Avec des moyens plus modestes, la Compagnie du Colimaçon, qui s’était fait remarquer au Théâtre de poche dans la pièce Eurydice de Jean Anouilh, reprend ce marivaudage cruel, lui conservant l’humour noir et le joyeux cynisme d’un vaudeville moderne capable d’échapper à l’usure du temps.
Dans un château isolé par la neige quatre mois par an, vit une étrange famille, le propriétaire Hugo, autoritaire et brutal, sa sœur froide et rigide, sa femme Ophélie, cloîtrée, sa concubine Éléonore, séductrice perverse et Sébastien, son frère incestueux. On tente de chasser l’ennui par l’entrelacs des relations ambigües, un jeu insolent en costume d’époque, un entre-soi qui mêle forfanterie et autodérision.
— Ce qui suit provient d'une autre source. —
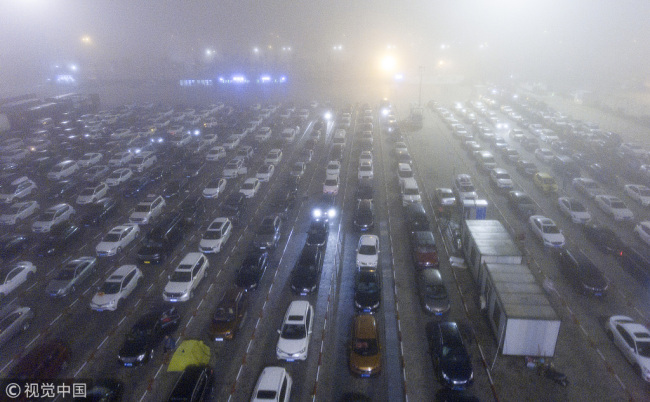 Heavy fog disrupts once again ferry services on the Qiongzhou Strait in south China on February 25, 2018. [Photo: VCG]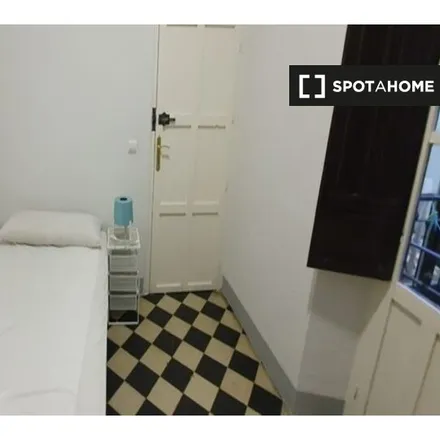 Rent this 6 bed room on Calle Darro del Boquerón in 18001 Granada, Spain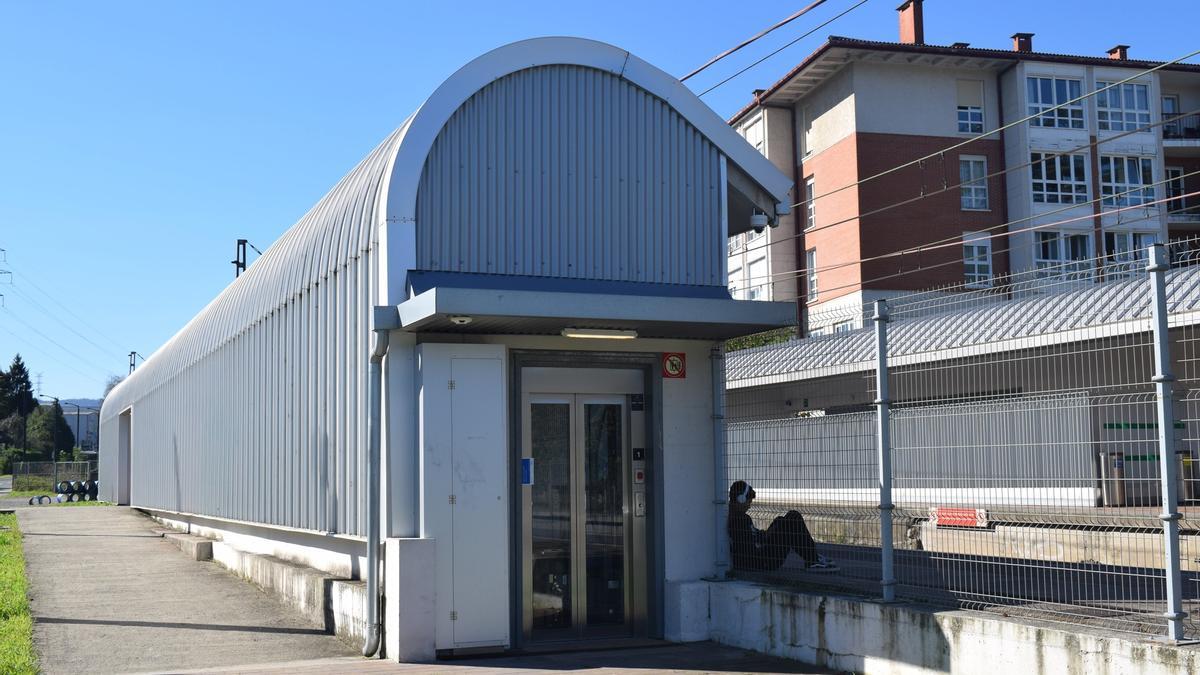 Ascensor que da acceso al paso inferior.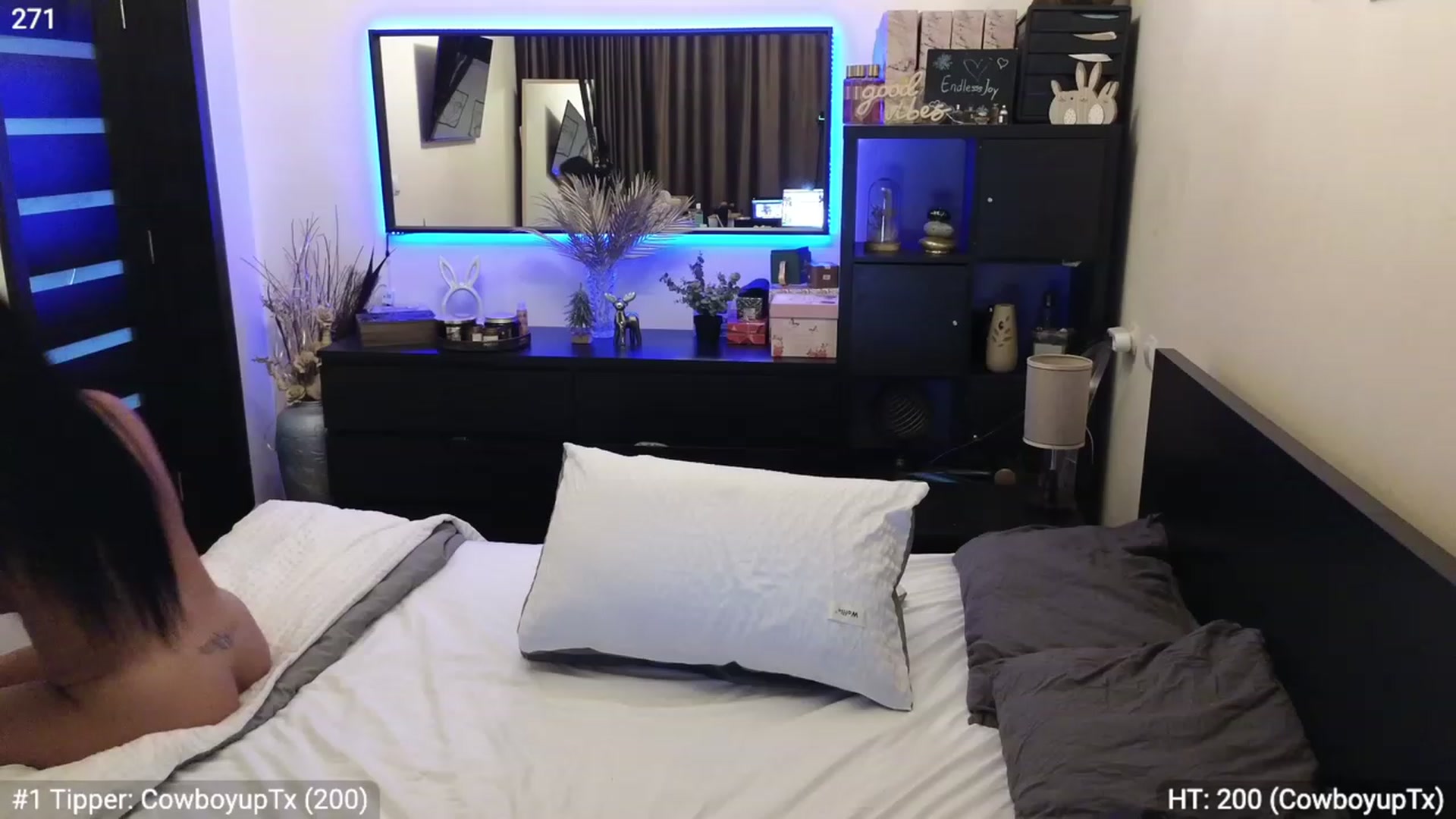 Gallery image thumbnail from EndlesssJoy's myfreecams stream on, 12/10/2023, 08:30 image 3 of 20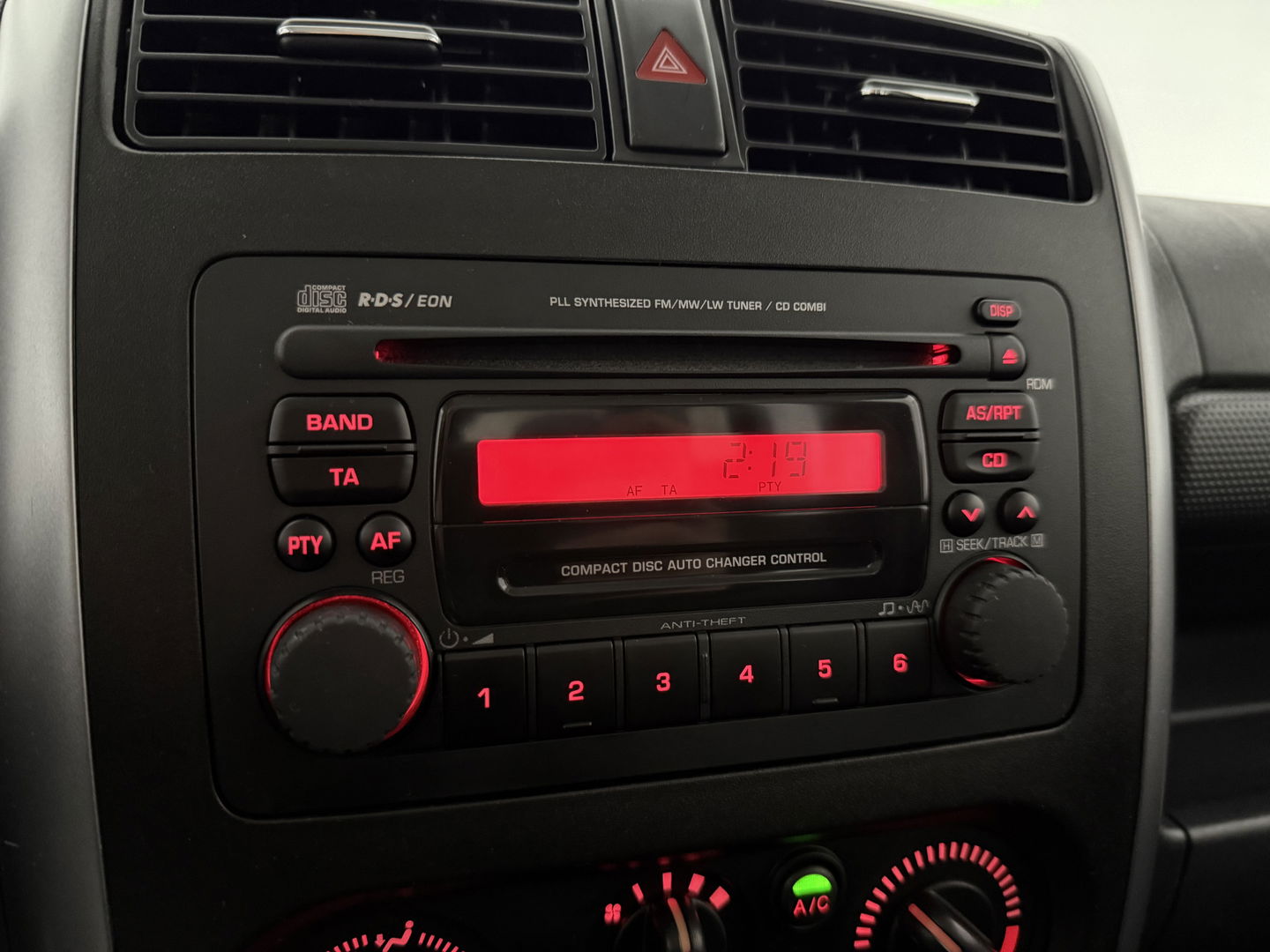 Suzuki Jimny 1.3 Exclusive | 4x4 | Airco | Bullbar | Sidebars | 15"LMV | Elektrpakket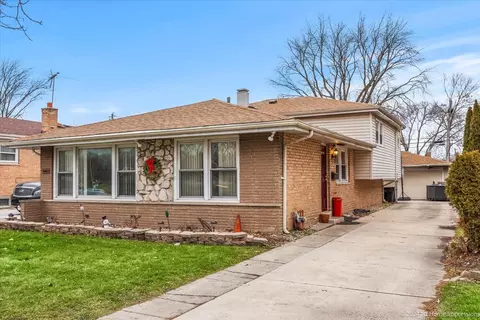 14915 Lincoln Ave, Dolton, IL 60419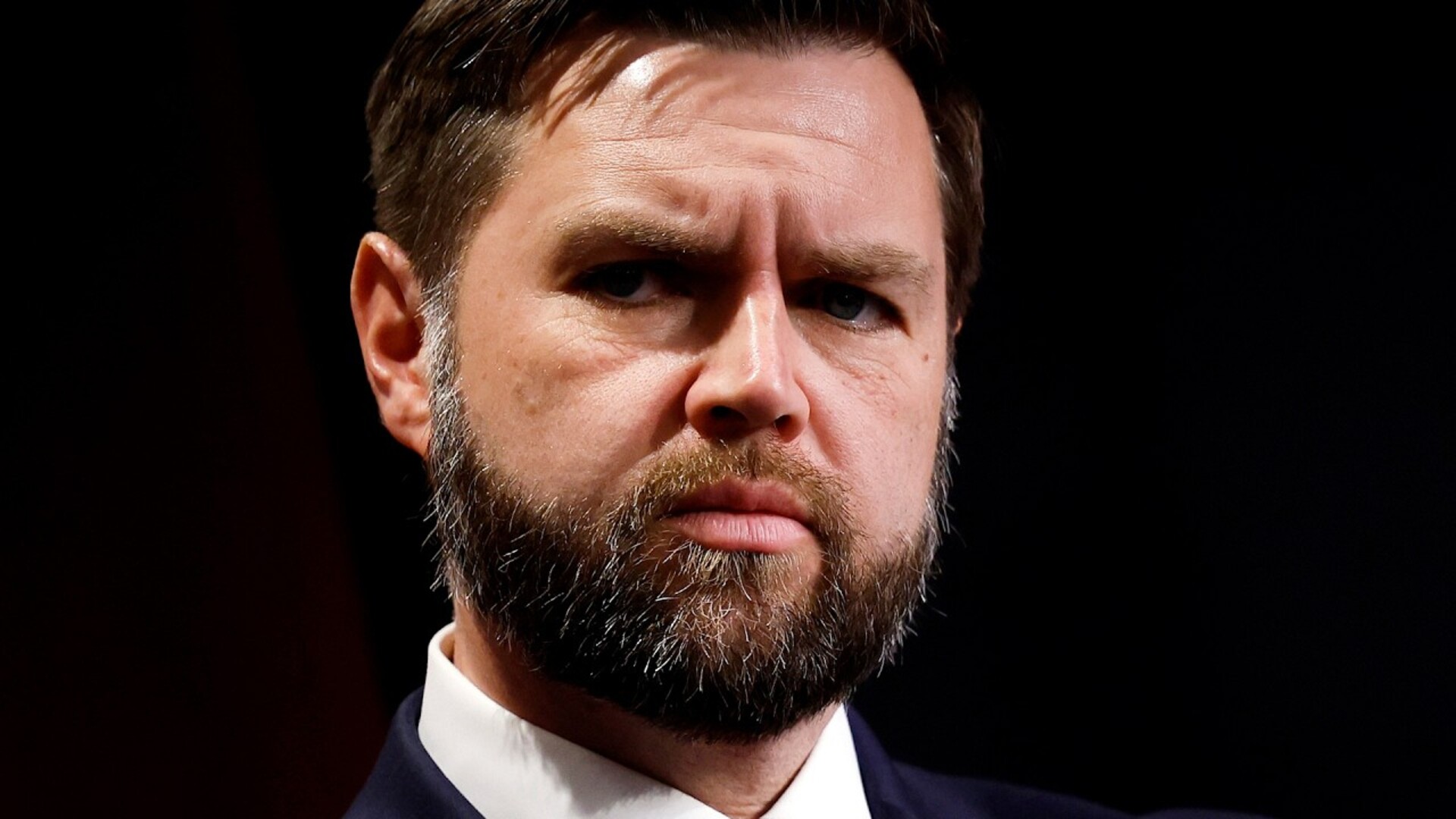 Video thumbnail for JD Vance's Major Weight Loss Transformation Has Us Speechless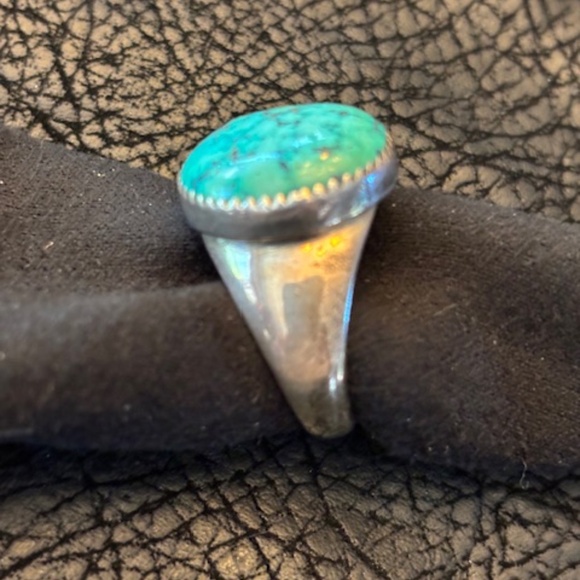 Navajo sterling silver/turquoise ring- Signed - Picture 2 of 4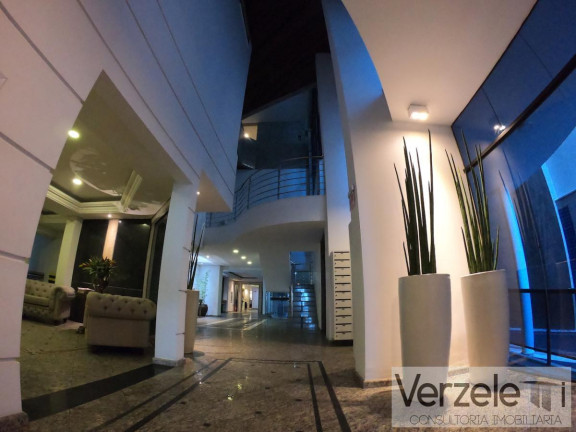 Imagem Apartamento com 3 Quartos à Venda, 180 m² em Barra Norte - Balneário Camboriú Imagem Apartamento com 3 Quartos à Venda, 180 m² em Barra Norte - Balneário Camboriú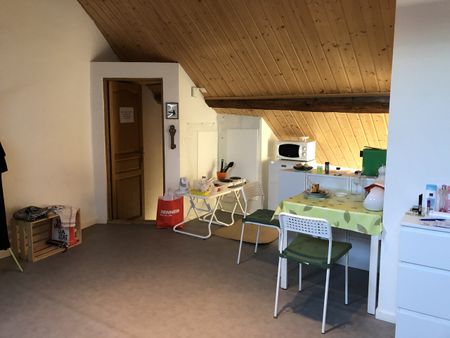 Studio under the roof in a renovated building in the old town - Foto 4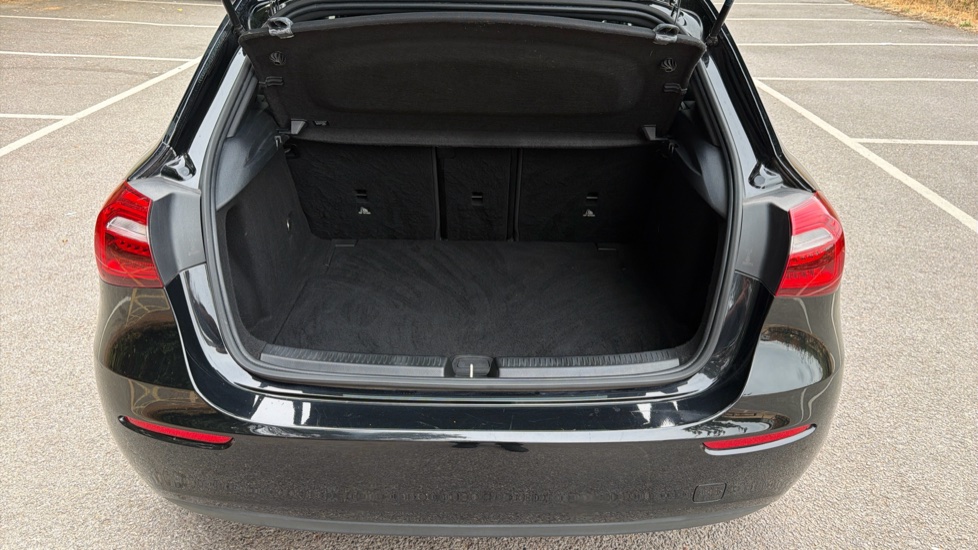 Mercedes-Benz A-Class A180d SE 5dr Auto Diesel Hatchback - Image 4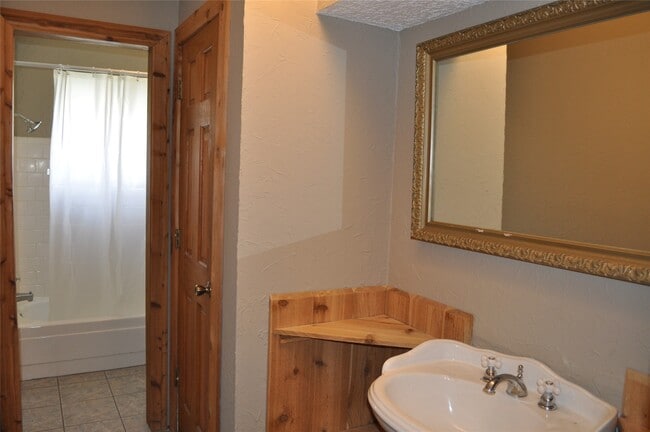 Building Photo - 22411 Merrymount Dr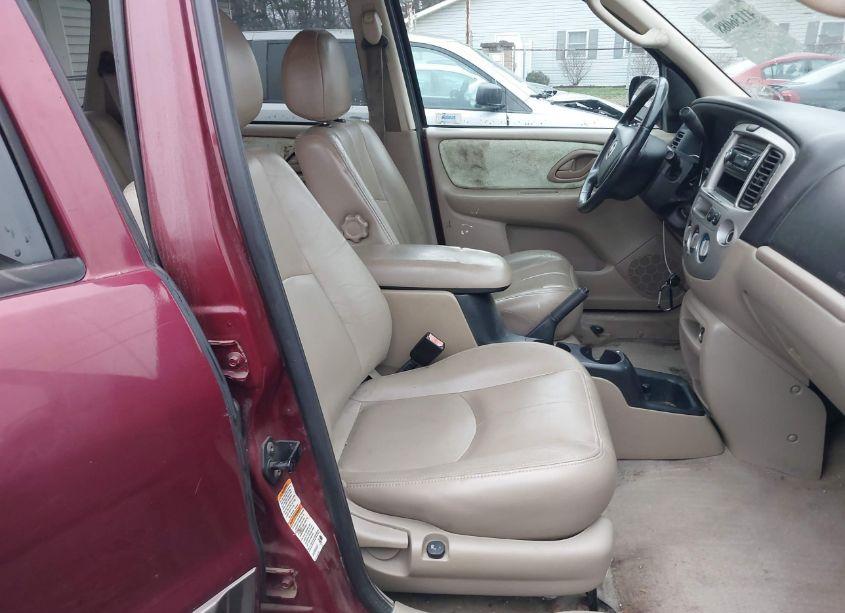 Photo 5 of 2004 Mazda Tribute ES V6 (VIN 4F2CZ96104KM08192)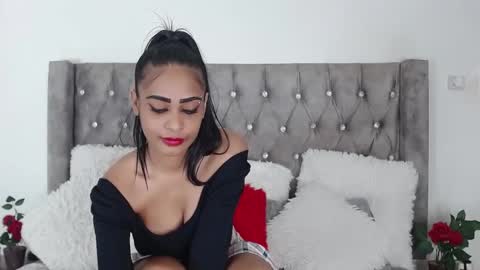 Jazmin online show from 02.06.25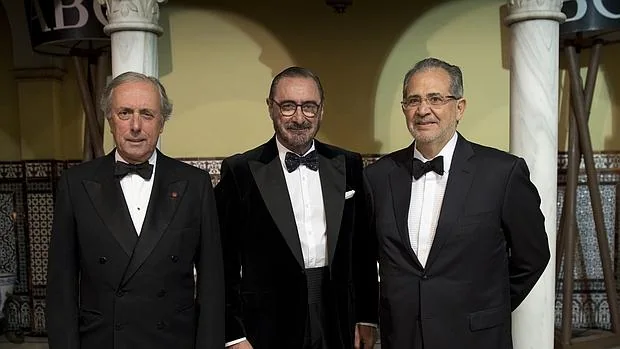 Javier Barcáiztegui «Barca», premio Mingote; Carlos Herrera, premio Mariano de Cavia; y Miguel Henrique Otero, premio Luca de Tena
Et lorsqu’arrive de Stockholm le cousin Frédéric devenu prisonnier des neiges, il devient l’otage de cette bande d’excentriques, manipulé par la belle Éléonore qu’il voudrait conquérir. La comédie devient farce cruelle, pouvant tourner à la tragédie, et le suspense donne à la pièce un côté thriller qui relance le récit.
Véronique Viel et Emmanuel Gaury, qui joue un Hugo inquiétant, ont signé la mise en scène. Ils rappellent que Sagan avait écrit cette pièce pour amuser sa bande d’amis et on la reçoit ainsi dans cette petite salle, aimable divertissement que l’on est invité à partager entre soi. L’insolence, la provocation, le goût pour les mots d’esprit, l’ambivalence des personnages et des situations n’ont rien perdu de leur séduction. On est prié de conserver la même désinvolture que l’autrice à l’égard d’une réalité plutôt glauque avec la bigamie, l’inceste et de possibles cadavres. La vie est un jeu, ici rien de grandiose, rien de sérieux, juste une petite musique légère pour aborder la gravité. La troupe est pleine d’allant, notamment Sébastien Romieux dans le rôle du frère oisif et provocateur, dandy emperruqué qui ne quitte pas le cynisme jubilatoire, la raison d’exister des antihéros chers à l’autrice.
On signalera aussi la performance de Stéphanie Tesson qui a traduit et mis en scène La tempête, de William Shakespeare, dont les représentations viennent de se terminer mais qui fera sans doute l’objet de reprise ici ou ailleurs.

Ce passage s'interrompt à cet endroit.